Das geschriebene Wort kann eine Hürde sein. Damit möglichst viele Menschen trotzdem das Gelesene verstehen, werden einige Texte in besonderer Form angeboten. Dabei ist noch Luft nach oben.
Nach Einschätzung von Experten sollte es mehr Leseangebote in sogenannter Leichter Sprache geben. Das könnte vielen Menschen zugute kommen: Einer Studie zufolge hatten im vergangenen Jahr bundesweit rund 6,2 Millionen der Deutsch sprechenden Erwachsenen Probleme beim Lesen und Schreiben.
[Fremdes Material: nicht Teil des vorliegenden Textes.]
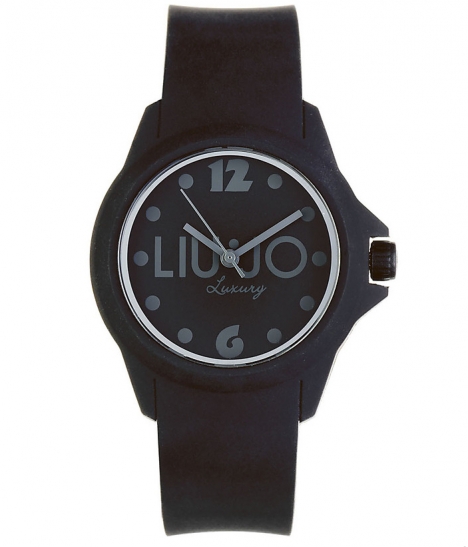 Orologio solo tempo Unisex LiuJo Luxury ENJOY ref. TLJ271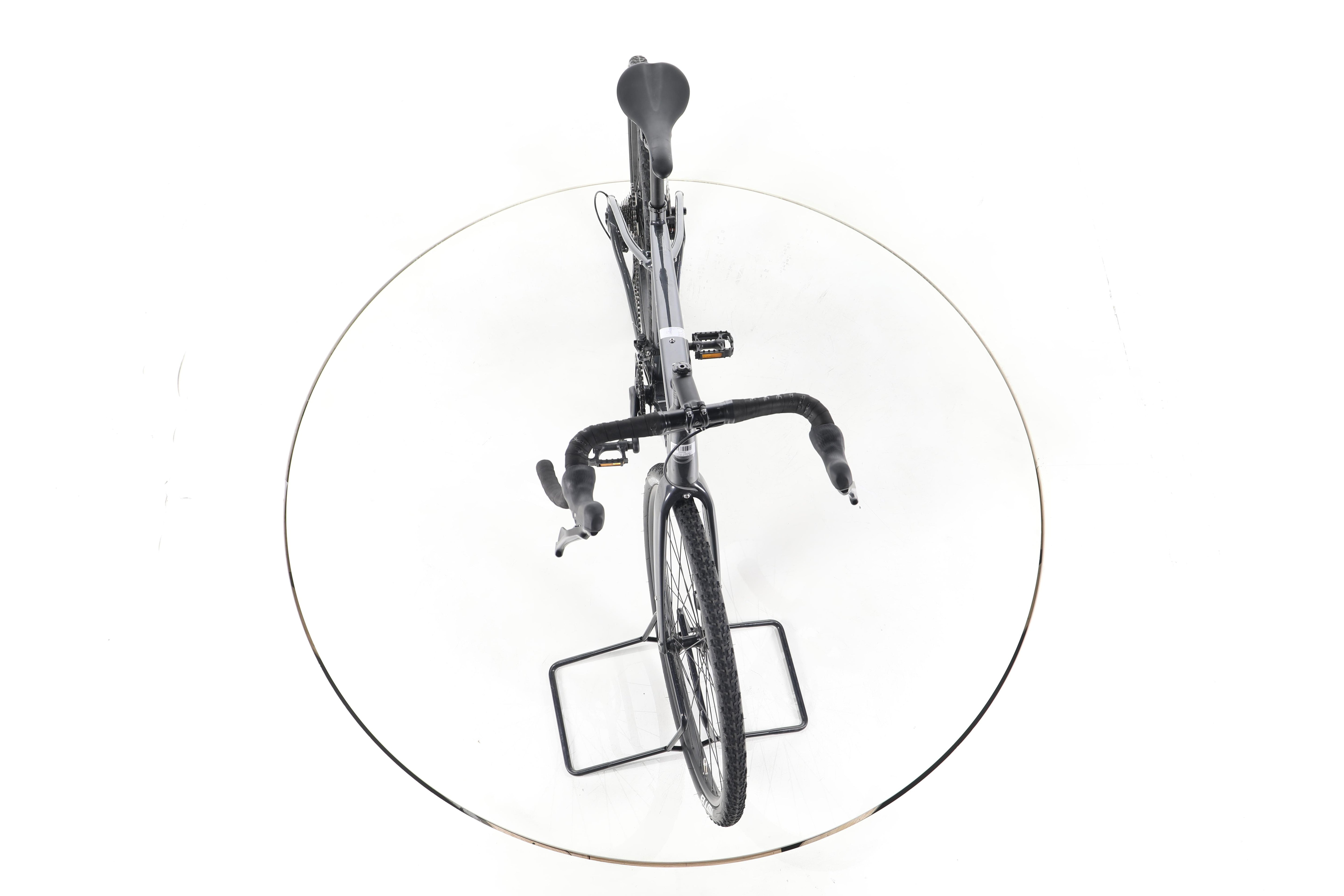 Cannondale Topstone Neo SL 2 E-Gravelbike - Image 16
Ein Forscherteam der Uni Mainz geht derzeit der Frage nach, wie Texte in Leichter Sprache verbessert werden können.
„Leichte Sprache ist eine vereinfachte Form der deutschen Sprache“, erläutert Christian Glade vom Büro für Leichte Sprache der Lebenshilfe Bremen. Konkret heißt das: Kurze Sätze, kurze Wörter, keine Fach- oder Fremdwörter. „Weil wir das bei unserer Zielgruppe nicht voraussetzen können.“
Deutsch neu lernen
Mit Leichter Sprache sollen Menschen erreicht werden, die mit Texten normalerweise Probleme haben. Das seien vor allem Menschen mit geistiger Behinderung, sagt Glade. „Natürlich können andere Menschen auch davon profitieren.“ Dazu gehörten beispielsweise solche, die Deutsch neu lernten oder Demenzerkrankte.
Seit etwa einem Jahr forscht ein Graduiertenkolleg der Universität Mainz zur Leichten Sprache. Es will unter anderem herausfinden, wie entsprechende Texte kognitiv verarbeitet werden und noch besser verständlich gemacht werden können. Bei ihrer Forschung setzt das zehnköpfige Team auf moderne Technik. Es misst die Hirnaktivität bei Probanden, erfasst, welche Hirnregion aktiv ist oder registriert die Augenbewegungen beim Lesen.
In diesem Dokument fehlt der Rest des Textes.